The present invention relates generally to multilayer signal routing devices and, more particularly, to a technique for mapping contacts of a programmable logic device to another electronic component.
Increasing capability and functionality, as well as falling prices, have driven electronic designers to use programmable logic devices (PLDs) in a wide variety of designs. Examples of PLDs commonly used include field programmable gate array (FPGA) devices, complex programmable logic devices (CPLDs), application specific integrated circuits (ASICs), and the like.
In many circuit designs, PLDs are implemented to communicate signals to and/or receive signals from other electronic components. Accordingly, the logic of the PLDs may be programmed so that certain contacts of the PLD are “assigned” to corresponding contacts of an electronic component such that the assigned contact receives signals from and/or provides signals to the corresponding contact of the electronic component via a conductive trace routed between the contact of the PLD and the contact of the electronic component.
Conventionally, the contact assignments (i.e., “pin assignments”) of electronic components differ by vendor. As a result, electronic systems implementing common electronic components typically are designed to maximize the footprint density of the electronic component as opposed to providing for the optimum breakout of the contacts of the electronic components. This emphasis on footprint density to the detriment of optimum breakout efficiency may not be perceived as a serious concern in low-contact-count component designs as the contact mapping between components typically is relatively simple. However, with the advent of high-density, multiple layer designs, inefficient mapping of contacts of PLDs to other electronic components, such as application specific integrated circuits (ASICs), has serious ramifications for the effective design and operation of such complex designs.

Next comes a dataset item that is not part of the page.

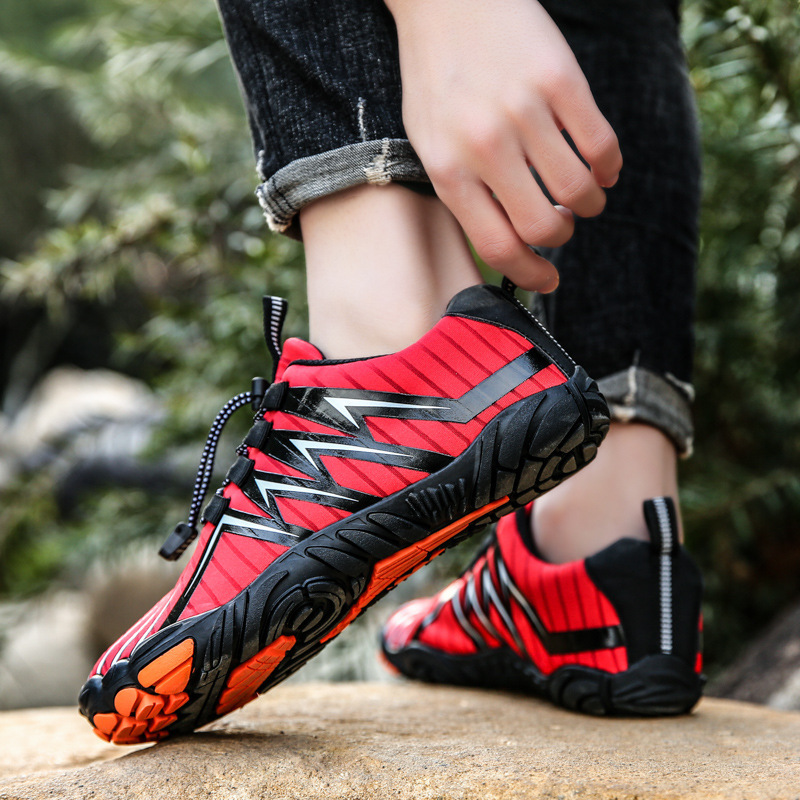 Men's and women's minimalist trail running barefoot water beach…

In view of the foregoing, it would be desirable to provide a technique that provides improved contact mapping of the contacts of a PLD to one or more other electronic components.
According to the present invention, a technique for improved contact mapping of the contacts of a PLD to one or more other electronic components. In one embodiment, the technique may be realized as a method for mapping contacts of a programmable logic device (PLD) to an electronic component in a signal routing device having one or more layers. The method comprises assigning a set of one or more contacts of the PLD to one or more respective contacts of the electronic component based at least in part on a pattern of electrically conductive traces routed from respective contacts of the electronic component via one or more channels formed at one or more layers of the signal routing device.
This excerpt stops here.